Adedeji Okikiade, Chidinma Kanu , Oluwadamilare Iyapo , Ololade Omitogun ,
Volume 19, Issue 1 (1-2025)
Background: Hypertensive disorders, particularly preeclampsia (PE), complicate 2–8% of pregnancies and significantly contribute to maternal and perinatal mortality. PE disproportionately affects low-resource regions, accounting for 26% of maternal deaths in Latin America and 9% in Africa and Asia. Risk factors include extreme maternal age, chronic hypertension, obesity, diabetes, and racial disparities (Higher incidence in Black and Hispanic populations). The exact cause remains unclear, but angiogenic imbalance and immune dysregulation play key roles. This review focuses on the role of cytokines and chemokines in developing preeclampsia (PE).
Methods: A narrative review was conducted to examine studies on the immunological and vascular mechanisms of preeclampsia, with a focus on recent systematic reviews and high-impact research.
Results: The results highlighted a critical imbalance between pro-inflammatory (IL-6, TNF-α) and anti-inflammatory (IL-4, IL-10) cytokines in PE pathogenesis. Notably, reduced second-trimester IL-10 levels served as an early predictive biomarker. Endothelin-mediated vasoconstriction and Th1/Th2 immune imbalance further exacerbated endothelial dysfunction, a central feature of PE. While human and animal studies support these findings, precise mechanistic pathways remain elusive.

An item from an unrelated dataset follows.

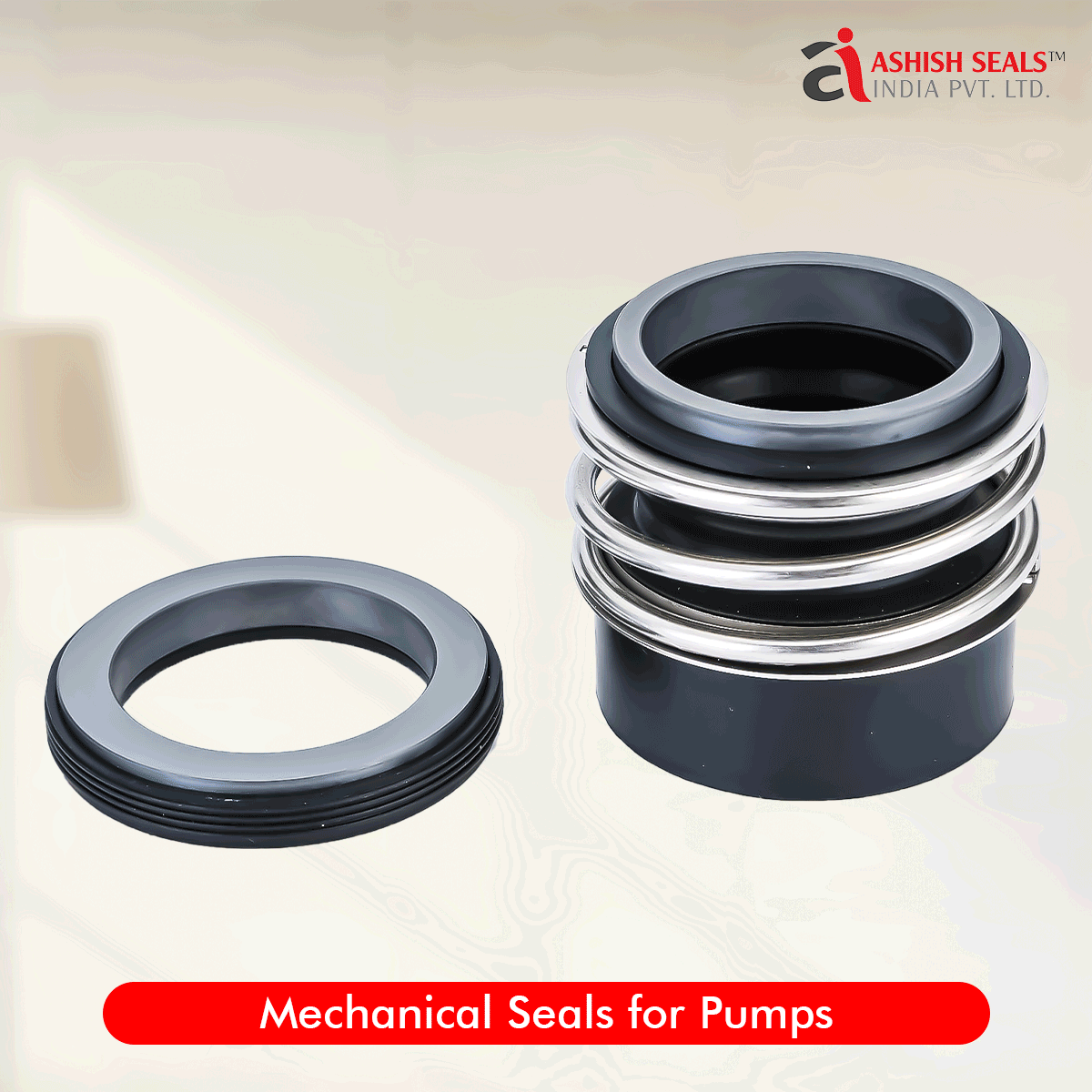 Mechanical Seals for Pumps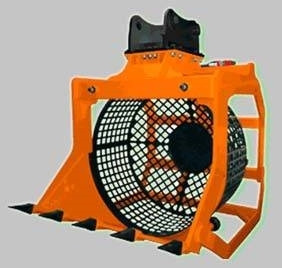 OCM BV1500 - Lžíce pro Stavební technika: obrázek 1 OCM BV1500 - Lžíce pro Stavební technika: obrázek 1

Conclusion: Cytokine and endothelin can serve as promising biomarkers and therapeutic targets for PE. Early IL-10 detection may improve risk prediction, but no causal links have been confirmed yet. Gaining a better understanding of these mediators could improve clinical strategies and help minimize complications. Future longitudinal research should focus on biomarkers and explore anti-inflammatory treatments for PE prevention.